── EXERCISE MATERIAL ──
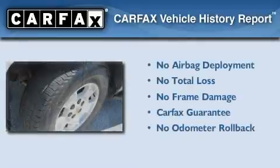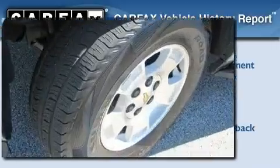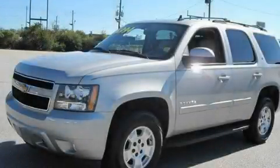Not to mention that this Chevrolet qualifies for the Carfax buyback guarantee. Contact us today and schedule your opportunity to see this vehicle in person.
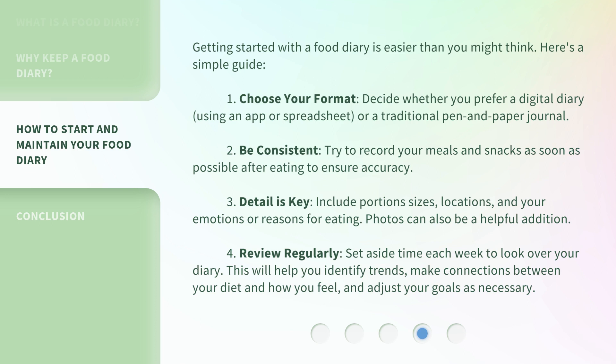4. Review regularly: set aside time each week to look over your diary. This will help you identify trends, make connections between your diet and how you feel, and adjust your goals as necessary.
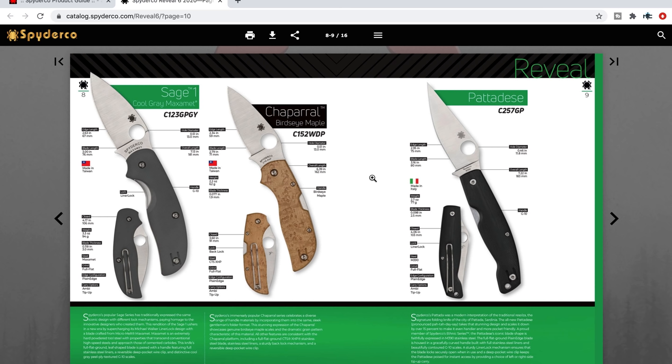The Chaparral in bird's eye maple — I don't really care about wood, but some of you do. CTS-XHP is great. There's also what appears to be a Pattadese — I don't know how to pronounce that — made in Italy, in M390 with G10. Nice, classy looking knife. It doesn't look like they made a cutout on the other side for the reverse flick, but that may not be their primary goal. Kind of interesting — moving on.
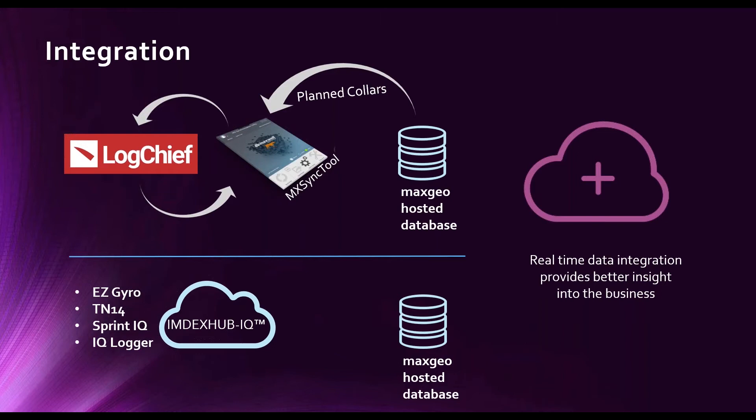Other integration we have here is from the IMDEX Hub. If you're using an EasyGyro TM14 or a Sprint IQ downhole survey tool, that data collected in the hub environment can be moved directly across to your database. The approved data will be pulled on 15-minute intervals and directly integrated into your database, allowing for real-time access to data and the ability to make business decisions in real-time rather than the typically delayed scenario while you collect all the data relating to that drilling program.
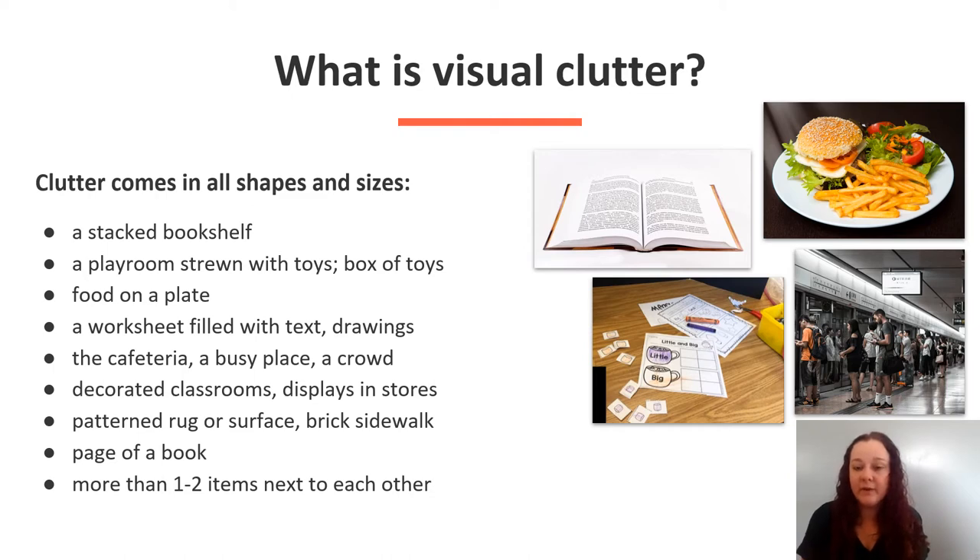Clutter also includes decorated classrooms, displays in stores, patterned rugs or surfaces, brick sidewalks, a page of a book, and more than one or two items next to each other.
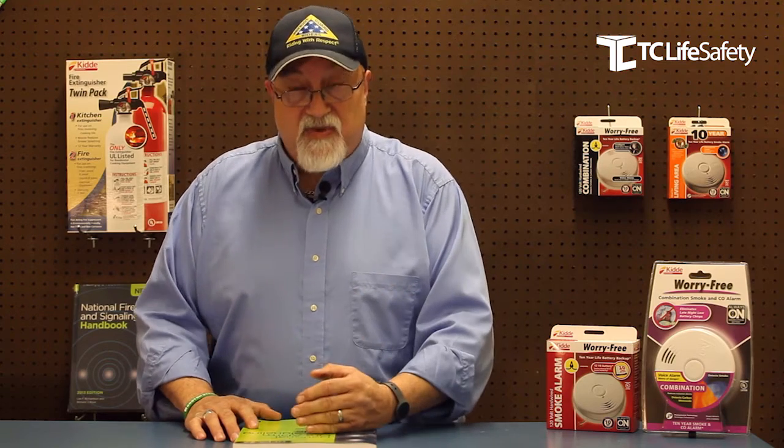NFPA 72 2016 Chapter 14, which covers testing and maintenance of life safety systems, has sections 14.4.5.4.1 and 14.4.5.5, which talk about residential smoke alarms and CO alarms and how they need to be changed out every 10 years or at their end-of-life signal, whichever comes first.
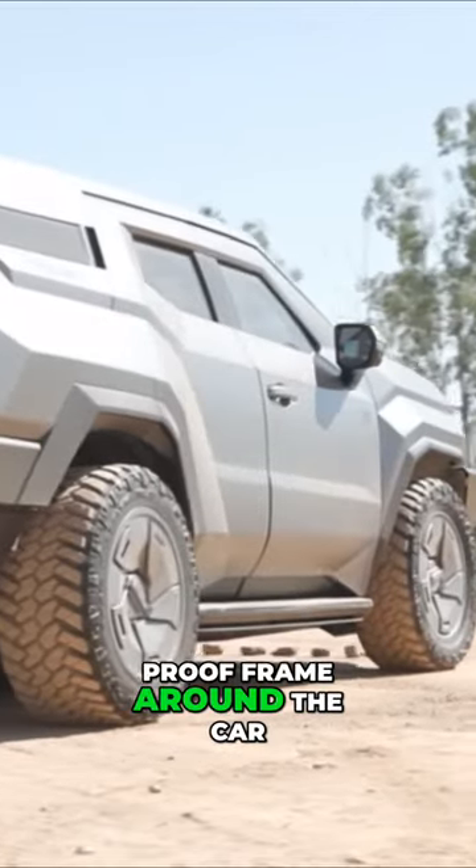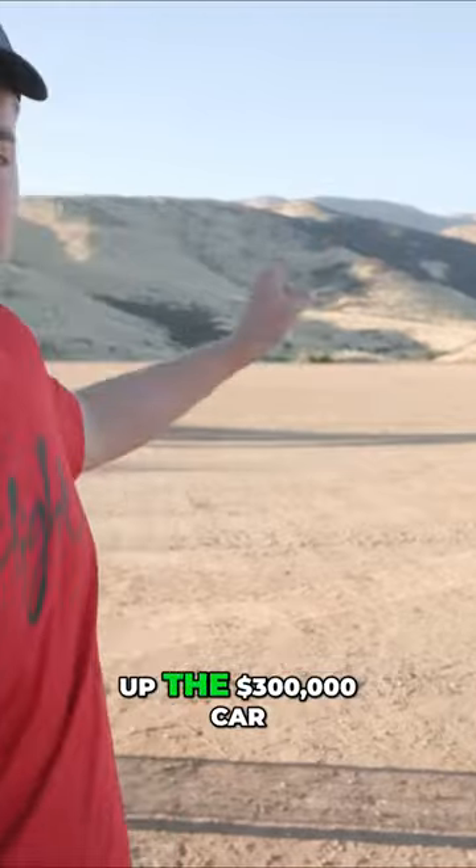It's the literal explosive-proof frame around the car, and we're going to be the first people to test it. For reference, before we blow up the three hundred thousand dollar car, we're going to blow up a normal car to see if the passengers survive.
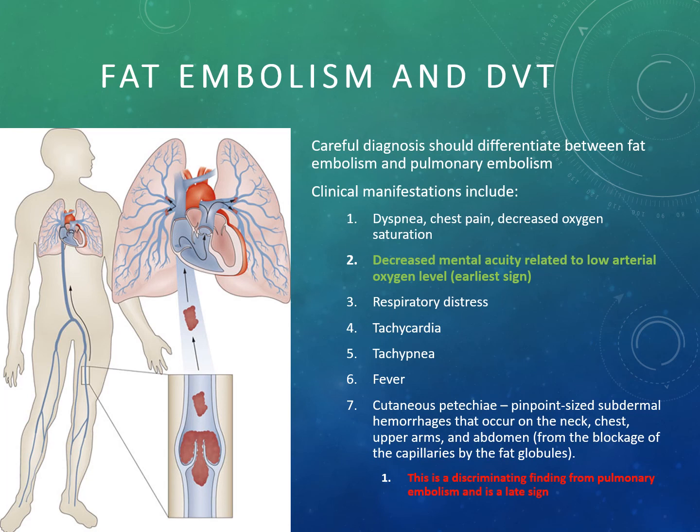DVT symptoms are very similar to fat embolism. For DVT prevention: encourage early ambulation, apply anti-embolism stockings and sequential compression devices, administer anticoagulants as prescribed, encourage fluid intake to prevent hemoconcentration, and encourage the patient to rotate their ankles and perform lower extremity exercises such as foot pumps and circumduction exercises. Pause and review the signs and symptoms of fat embolism and DVTs on the slide.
───
# WHAT THE EXERCISE ASKS:
An exact reproduction of the material above is needed, without its pictures.

# TASK SOLUTION:
Not to mention that this Chevrolet qualifies for the Carfax buyback guarantee. Contact us today and schedule your opportunity to see this vehicle in person.
4. Review regularly: set aside time each week to look over your diary. This will help you identify trends, make connections between your diet and how you feel, and adjust your goals as necessary.
The Chaparral in bird's eye maple — I don't really care about wood, but some of you do. CTS-XHP is great. There's also what appears to be a Pattadese — I don't know how to pronounce that — made in Italy, in M390 with G10. Nice, classy looking knife. It doesn't look like they made a cutout on the other side for the reverse flick, but that may not be their primary goal. Kind of interesting — moving on.
Other integration we have here is from the IMDEX Hub. If you're using an EasyGyro TM14 or a Sprint IQ downhole survey tool, that data collected in the hub environment can be moved directly across to your database. The approved data will be pulled on 15-minute intervals and directly integrated into your database, allowing for real-time access to data and the ability to make business decisions in real-time rather than the typically delayed scenario while you collect all the data relating to that drilling program.
Clutter also includes decorated classrooms, displays in stores, patterned rugs or surfaces, brick sidewalks, a page of a book, and more than one or two items next to each other.
NFPA 72 2016 Chapter 14, which covers testing and maintenance of life safety systems, has sections 14.4.5.4.1 and 14.4.5.5, which talk about residential smoke alarms and CO alarms and how they need to be changed out every 10 years or at their end-of-life signal, whichever comes first.
It's the literal explosive-proof frame around the car, and we're going to be the first people to test it. For reference, before we blow up the three hundred thousand dollar car, we're going to blow up a normal car to see if the passengers survive.
DVT symptoms are very similar to fat embolism. For DVT prevention: encourage early ambulation, apply anti-embolism stockings and sequential compression devices, administer anticoagulants as prescribed, encourage fluid intake to prevent hemoconcentration, and encourage the patient to rotate their ankles and perform lower extremity exercises such as foot pumps and circumduction exercises. Pause and review the signs and symptoms of fat embolism and DVTs on the slide.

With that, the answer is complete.